Here we adopt an environment-centered model instead, by focusing on subtle naturalistic fluctuations in the learning environment (i.e., the instructor's speech). We test, for the first time, whether instructor speech patterns are related to classroom mind-wandering -potentially setting the foundation for the development environment-centered models of mind-wandering that can mitigate mind-wandering through scalable automated instructor feedback.

Environment-centered models seem based on the lessons we have already learned from laboratory cognitive psychology studies about when and why mind-wandering occurs. For example, mind-wandering tends to increase over the course of a task [33] , and decrease when the task becomes more difficult (but see [13, 29] ). Notably, even features like typeface seem to influence how often learners report mind-wandering: participants reported mind-wandering more often when reading a text in grey Comic Sans versus black Arial [11] . Although these studies demonstrate the potential malleability of mind-wandering, it is unclear if subtle environmental features (e.g., instructor behaviors, content changes, speech) may influence mind-wandering in live classrooms.
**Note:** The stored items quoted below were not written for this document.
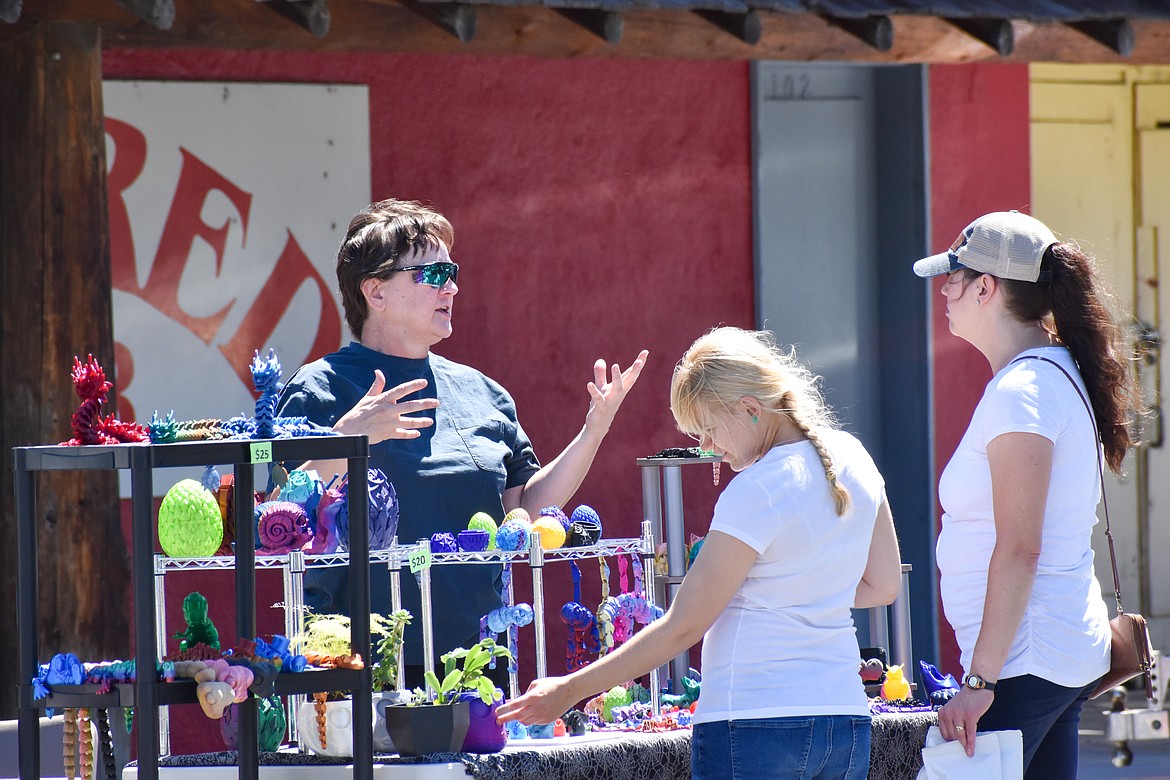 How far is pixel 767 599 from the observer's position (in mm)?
2605

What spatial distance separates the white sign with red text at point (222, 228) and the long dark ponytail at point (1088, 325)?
3.09 meters

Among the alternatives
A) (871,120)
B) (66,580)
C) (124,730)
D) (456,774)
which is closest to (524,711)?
(456,774)

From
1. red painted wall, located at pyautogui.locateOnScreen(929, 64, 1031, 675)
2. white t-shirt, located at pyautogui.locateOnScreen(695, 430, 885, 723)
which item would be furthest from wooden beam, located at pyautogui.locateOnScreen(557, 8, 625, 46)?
white t-shirt, located at pyautogui.locateOnScreen(695, 430, 885, 723)

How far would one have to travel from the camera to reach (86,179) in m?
4.63

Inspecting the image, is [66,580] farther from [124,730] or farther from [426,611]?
[426,611]

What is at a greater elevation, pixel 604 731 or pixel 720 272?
pixel 720 272

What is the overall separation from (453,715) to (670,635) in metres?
0.48

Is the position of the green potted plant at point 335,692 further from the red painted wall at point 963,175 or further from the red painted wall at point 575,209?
the red painted wall at point 963,175

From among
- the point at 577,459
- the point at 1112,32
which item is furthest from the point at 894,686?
the point at 1112,32

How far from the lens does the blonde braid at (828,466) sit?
8.63 ft

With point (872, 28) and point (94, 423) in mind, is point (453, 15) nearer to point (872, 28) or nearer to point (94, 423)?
point (872, 28)

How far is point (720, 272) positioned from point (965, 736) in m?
3.80

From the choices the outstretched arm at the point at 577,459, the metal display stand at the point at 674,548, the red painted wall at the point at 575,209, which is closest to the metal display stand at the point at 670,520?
the metal display stand at the point at 674,548

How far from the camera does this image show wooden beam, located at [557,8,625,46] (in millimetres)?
5195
Here we directly examine how variations in the way information is transmitted through speech relates to students' attention in classroom contexts. This study builds on the environment-centered approach adopted by Bosch et al. [3] , which examined how fluctuations in instructor movements were found to successfully predict classroom mind-wandering rates. Our specific focus on the instructor's speech fills an important gap in the literature, as very little research to date has been dedicated to quantifying and understanding how acoustical speech patterns influence student attention (e.g., rates of mind-wandering).
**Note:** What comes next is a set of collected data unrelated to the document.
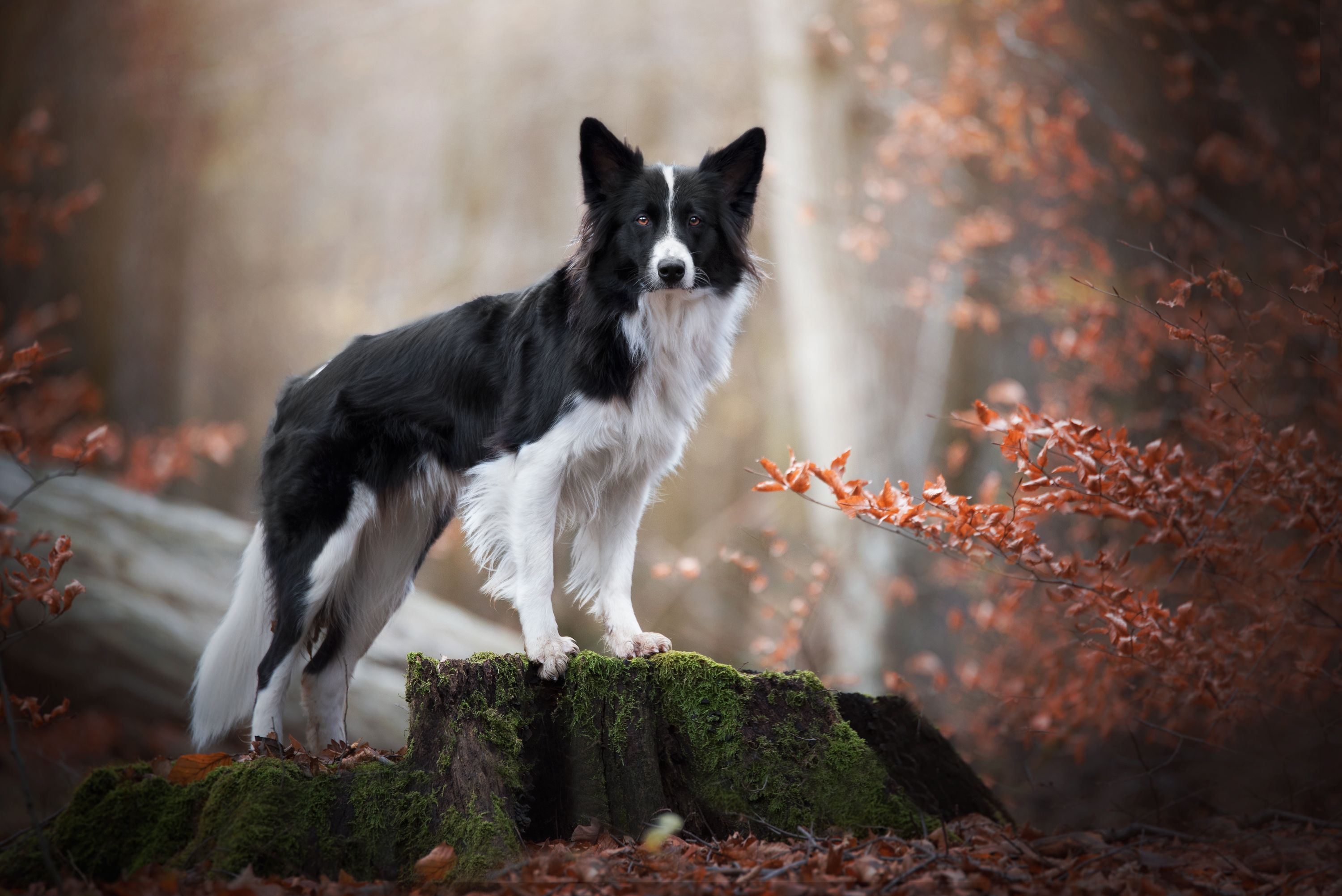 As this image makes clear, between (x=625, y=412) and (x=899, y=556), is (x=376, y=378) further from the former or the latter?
(x=899, y=556)

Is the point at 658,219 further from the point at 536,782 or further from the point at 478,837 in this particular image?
the point at 478,837

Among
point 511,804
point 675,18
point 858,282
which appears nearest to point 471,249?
point 675,18

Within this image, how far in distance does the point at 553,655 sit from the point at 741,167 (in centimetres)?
213

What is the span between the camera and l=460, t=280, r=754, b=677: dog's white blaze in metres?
3.68

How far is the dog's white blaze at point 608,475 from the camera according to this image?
368cm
Acoustical features of speech have previously been linked to listener attention and information retention, albeit outside of the educational realm [4, 24] . For example, both the structure of speech (e.g., pitch contour and trajectory of source location) as well as prosodic quality (e.g., pitch and loudness) appear to reliably predict audience inattention [5, 10] . The emotional tone conveyed through acoustical features also seems to be an important aspect of speech; for example, there are clearly dissociable processing patterns in the brain when people hear angry versus neutral prosody [26] . These studies, though not conducted in the context of a lecture, highlight the potential for acoustic-prosodic features to impact information processing -making it likely that mind-wandering may also be influenced.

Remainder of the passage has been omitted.